More than anything the Band did together in the eight tumultuous and wildly creative years they were together, their self-titled second LP – known ubiquitously as the Brown Album by aficionados – defined them in so many ways.

“This was the mission we were on,” Robbie Robertson recalls, when asked to reflect on what made the album, recently reissued in a super-deluxe, expanded 50th-anniversary edition, so special. “We got launched, we got united with Ronnie Hawkins and then with Bob Dylan. That was a detour from the mission, but it doesn’t get much more interesting as far as detours go. But after the detour, we got down to business, to doing and inventing and discovering who we really were musically.”

The results, heard on 1968's debut, Music From Big Pink, were exceptional, but unlike anything else on the music charts of the day. And after bassist Rick Danko was injured in a car wreck, forcing the Band to cancel a tour in support of the record, the group, which had already appeared on the cover of Rolling Stone with the five members' backs to photographer Elliott Landy, virtually disappeared from the cultural consciousness.

"We knew that our brotherhood was really exceptional,” Robertson explains. “We knew each other’s talent. We knew everybody had something beautiful to give. So my dream was to find a sanctuary, like Woodstock had been, to write and invent what we’re looking for. And to take everything that we had gathered over the six or seven years we’d already been together.”

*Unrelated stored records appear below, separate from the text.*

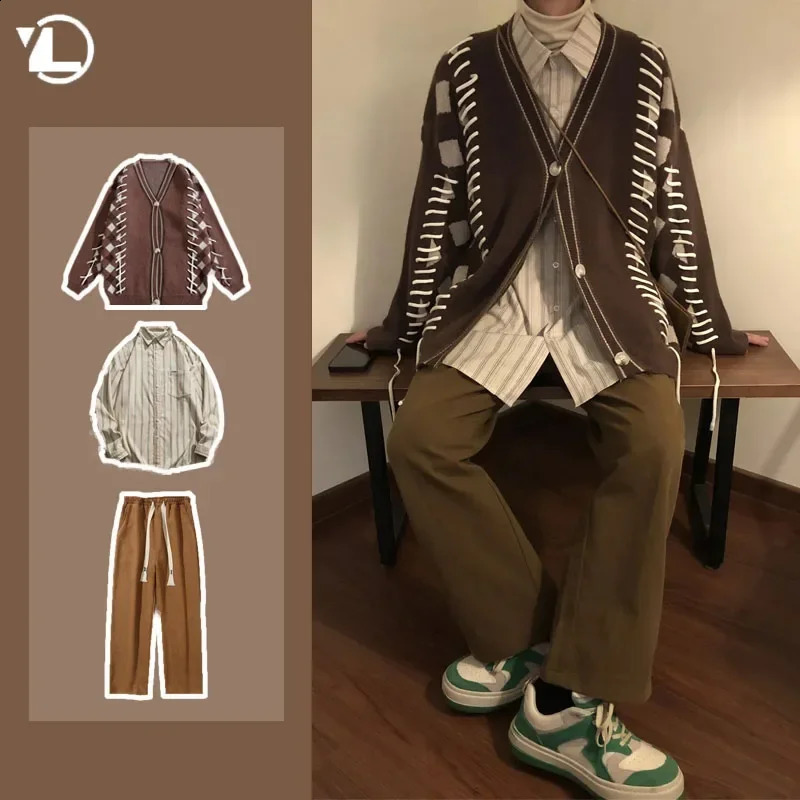 Men Casual Sweater Set Vintage Checkerboard CardiganStriped Long Sleeved ShirtTrendy Wide Leg Pants 3-piece Street Couple Suit 240819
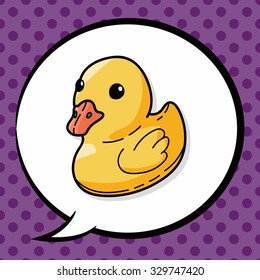 duck toy doodle, speech bubble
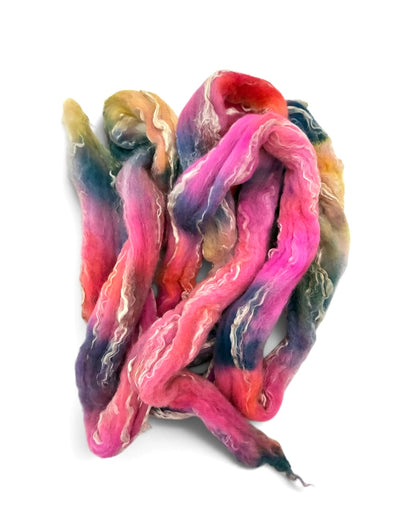 Sorbet Swirl - 70% Blue Faced Leicester Wool 30% Seacell - Roving/Top Fibre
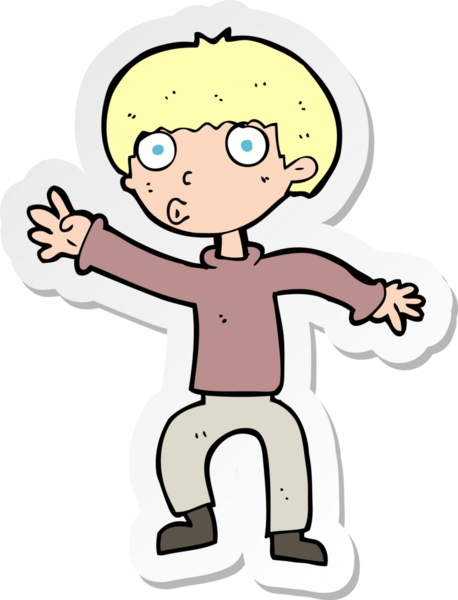 Bir insan tarafından çizilmiş uyarı sallayan bir çizgi film çocuğunun çıkartması.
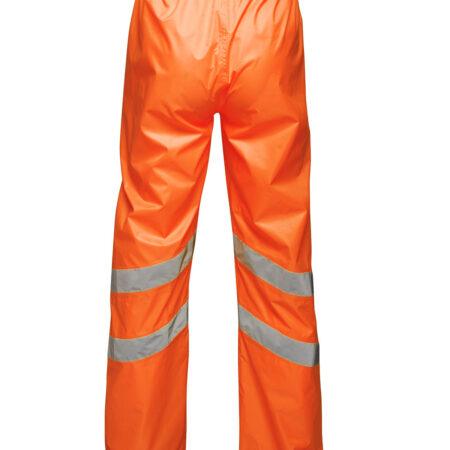 TRW498 Regatta  Hi-vis pro  waterproof and breathable  pack-away trousers Orange - Image 4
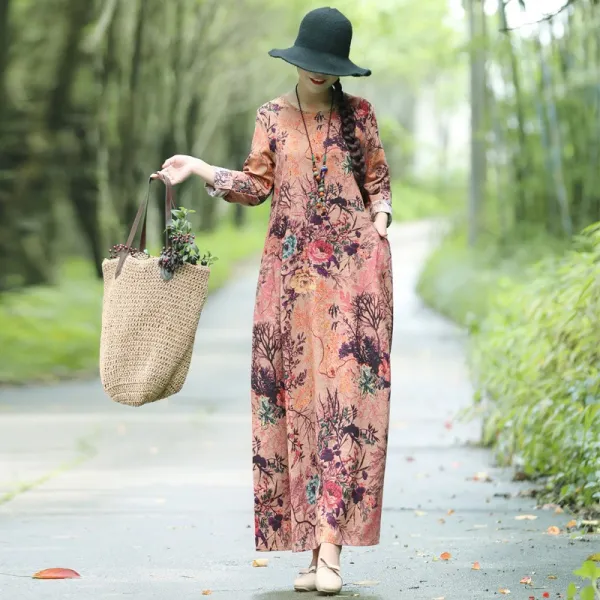 명화 디자인 고급 원단 쉬폰 원피스 아임심플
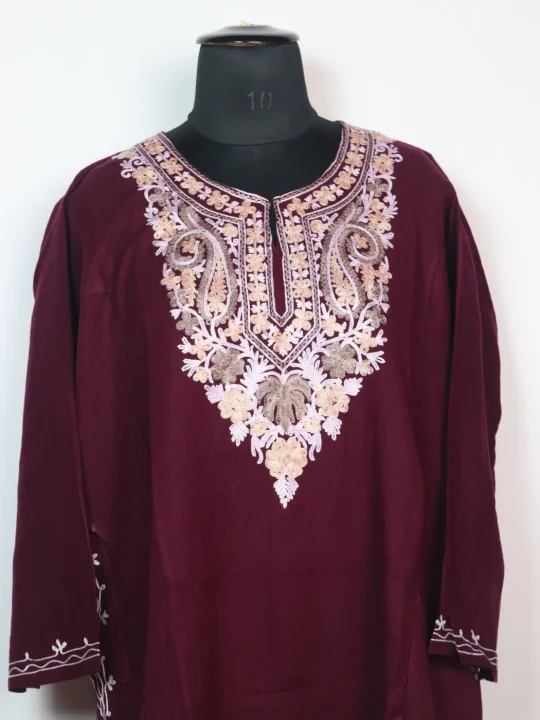 Dilara Kashmiri Pheran with Aari Embroidery in Cashmilon | Maroon - Image 2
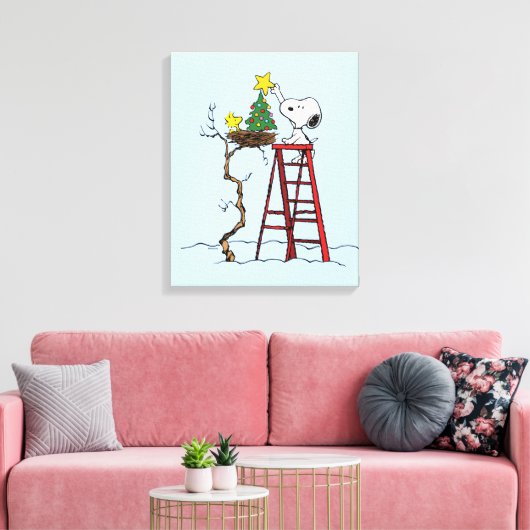 pinda's | Snoopy & Woodstock - kerstboom Canvas Afdruk (Insitu (Woonkamer))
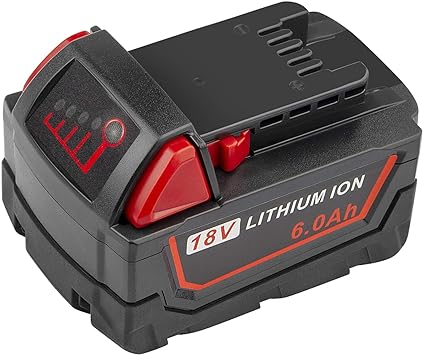 Photo 1 of 18V 6.0 Ah Extended Capacity Battery Replacement for Milwaukee, Compatible with M-,-18 48-11-1811, 48-11-1815, 48-11-1820, 48-11-1822, 48-11-1828, 48-11-1840, 48-11-1841, 48-11-1850, Power Tool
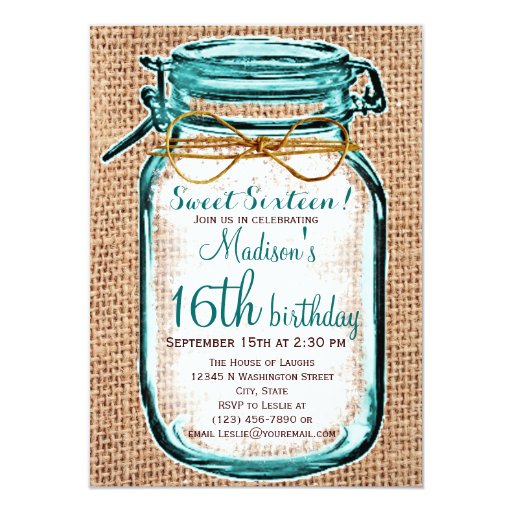 Rustic Country Mason Jar Birthday Invitation 4.5" X 6.25" Invitation Card (front side)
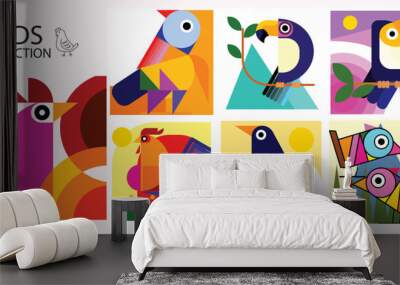 Set of birds icon colorful vector illustration collection. Wall mural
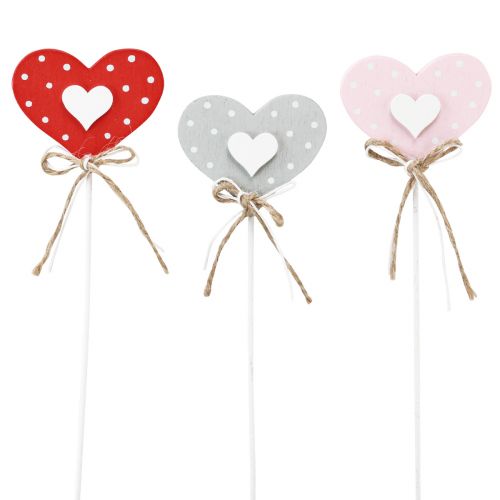 Floristik24 Hearts dotted wooden hearts flower plugs 6×5cm 18pcs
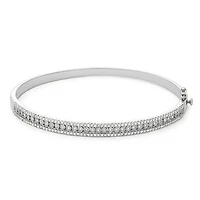 1 CTW Natural Diamond Bangle Bracelet in Sterling Silver
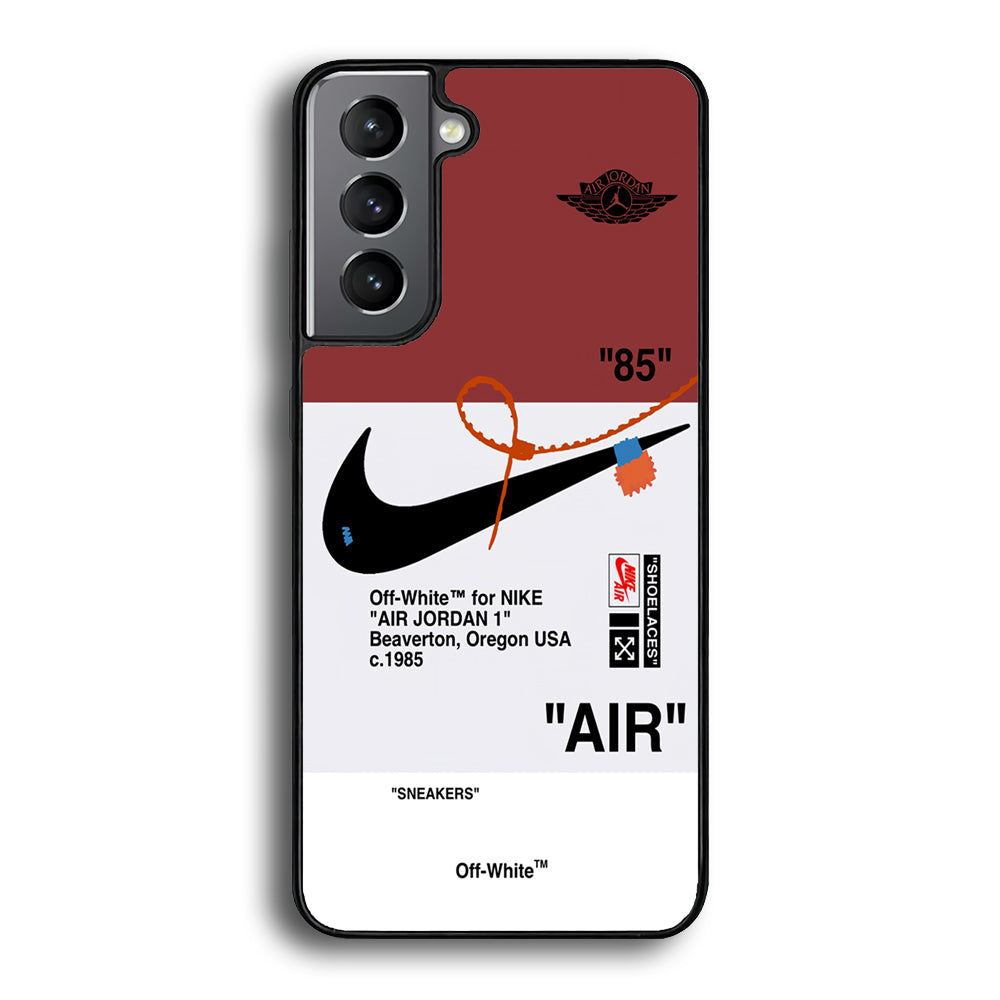 Off White x Nike Air Jordan Red Samsung Galaxy S24 Plus Case | Slim Rubber Case for Samsung Galaxy S24 Plus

Even before the Band had cut their teeth together, and found their collective voice in the basement of the pink house they’d rented together in upstate New York in the late '60s, recording demos with, famously, Dylan, and for themselves, they had toured relentlessly with Hawkins, as his backing band the Hawks, and then backed Dylan on his 1966 world tour, when Dylan had “gone electric” and was routinely booed.

“Yeah, that was interesting,” Robertson recalls with a chuckle. But, he says, it gave him – and drummer Levon Helm, bassist Rick Danko, keyboardist Richard Manuel and keyboardist Garth Hudson – the impetus to find a sound all their own, and to strike out on their own terms.

“Peter Yarrow said, ‘You’ve got to go up to Woodstock,’” recalls John Simon, who produced the Band’s first two career-defining records. “I was staying in this house that Peter had rented for me and the film editor, Howard Alk. One night, there was this god-awful bleeting outside the window. We went out, took a look and it was Richard, Robbie and Garth – but not Levon, because he wasn’t there yet – serenading Howard for his birthday on instruments they barely knew how to play, dressed up in some sort of Halloween costumes. That was my first meeting with them. They were just some Woodstock characters. And Woodstock was full of characters. The inmates running the asylum.”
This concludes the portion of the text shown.